First of all, if you want to read this comic yourself, for free head over to Mark Waid’s web page  http://markwaid.com/

or go direct to the Luther article. http://markwaid.com/?p=695

Mark Waid is at the forefront of the digital evolution in comics.  By skipping the major publishers and distributors in order to release this comic on his own, Mark has placed himself in front.  He is either innovator or destroyer, depending on what blog you’re reading.  But none of those are answering the question, is the comic any good?

Luther is fantastic.  Accept a world in which a zombie apocalypse has taken place and start from there.  Luther is a look at a mentally handicapped man in this world.  Murphy narrates the tale and tells us all about Luther.  It is a heartwarming tale.  Don’t worry zombie lovers, there is some gore and violence.  But in the end it is a beautiful story.  Usually a zombie story shows the living as the real evil.  Here is a twist, the living as good.

Now the story is good, and the art is good, but that isn’t the star here.  The star is the innovative way to tell the tale.  If you have a tablet device of any kind I strongly recommend reading it on your iPad or whatever and not on the computer screen.  The computer still gets the point across, but without the ooh and aah that a tablet provides.

Instead of flipping pages to reveal the next twist, the panels change.  Only half an image is shown at times, then the rest.  Or an empty panel with text to be filled in later on.  It extends the comic in a new way.  Anytime a page is read the eye sees the whole image at once before focusing in on the first panel and reading from there.  If a dramatic scene takes place at the bottom of the page, your eye has already seen it.  Sure, you can stagger the panels so the big reveal will be on the left page and that is what has been done in comics for decades.  However this “tap for more” concept is revolutionary.

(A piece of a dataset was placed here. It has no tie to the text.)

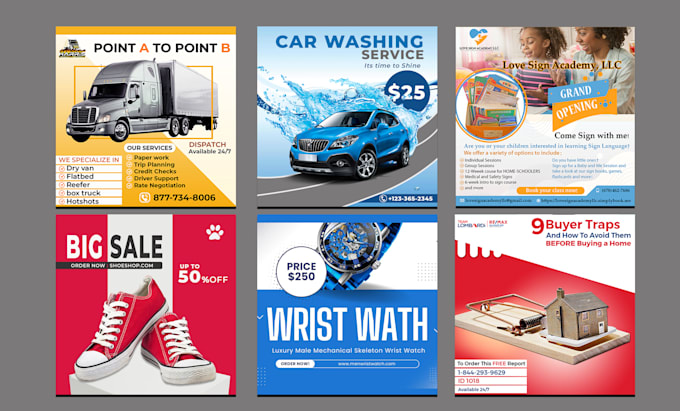 create social media design, banner ads, image ads, post images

The concept allows for slow reveals, moments of thought, building tension, it provides more story telling opportunities than the page can.  Not to say that there is anything against the page.  But it is the next evolution of this classic panel:

This idea is now expanded.  Without extra pages, or ink, or work (well I suppose there is digital work, but you know what I mean) it becomes something more.  I love comics, Mark Waid loves comics.  He doesn’t want to see comic shops close.  Have you watched The Variants?  What he and I and many more want to see is comics evolve.  Why are the Avengers and the Dark Knight Rises about to make billions of dollars yet the comics only sell 100 to 200 thousand copies?  Because they need to evolve.  New audiences need to be brought in.  The ways of doing things need to be reevaluated and Luther is a brilliant first try in this new era of comics.